Work required: Among the entries below, which lines run from the line with "His side of" through the line with "In heels and pantyhose"? Retype those, both ends included, exactly and without pictures.

Material supplied:
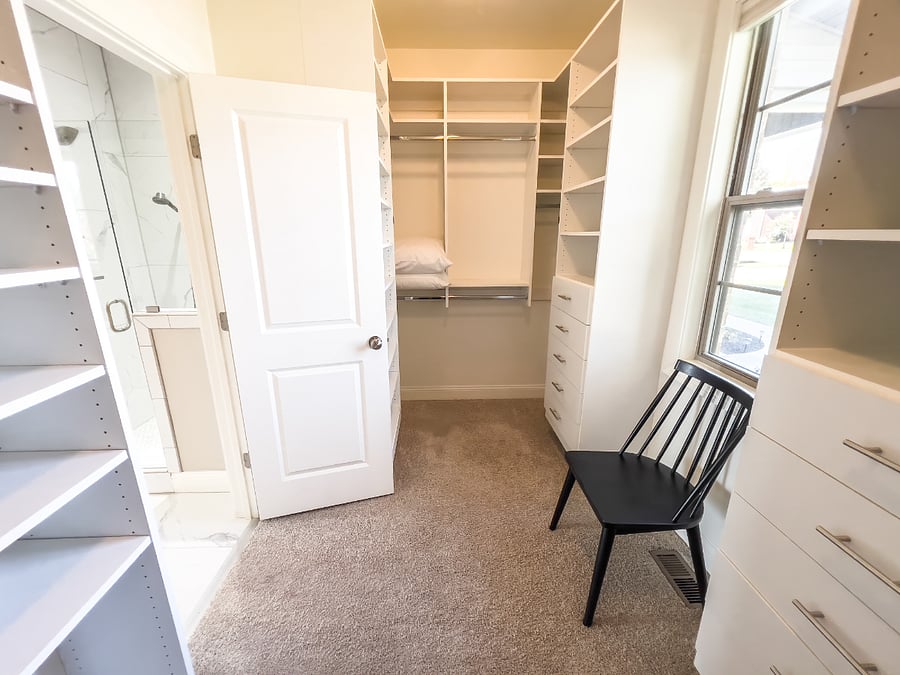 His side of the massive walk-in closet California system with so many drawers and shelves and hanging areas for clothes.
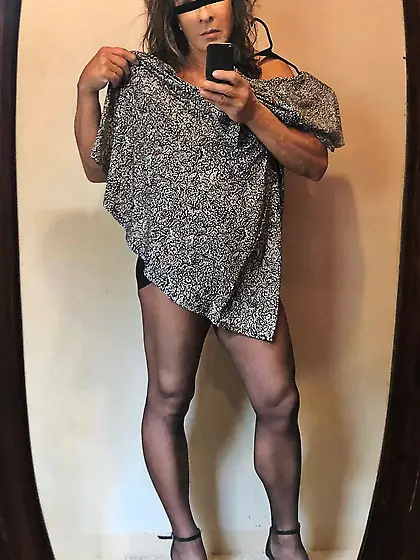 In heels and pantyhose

--

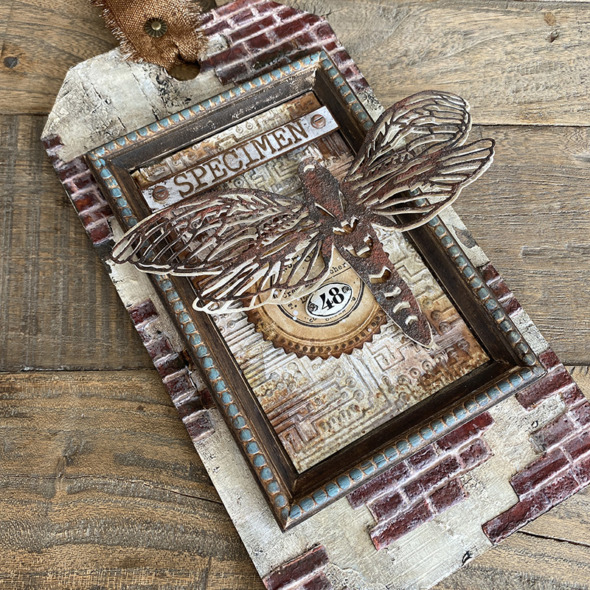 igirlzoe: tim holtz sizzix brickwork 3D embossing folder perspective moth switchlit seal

Your solution:
 His side of the massive walk-in closet California system with so many drawers and shelves and hanging areas for clothes.
 In heels and pantyhose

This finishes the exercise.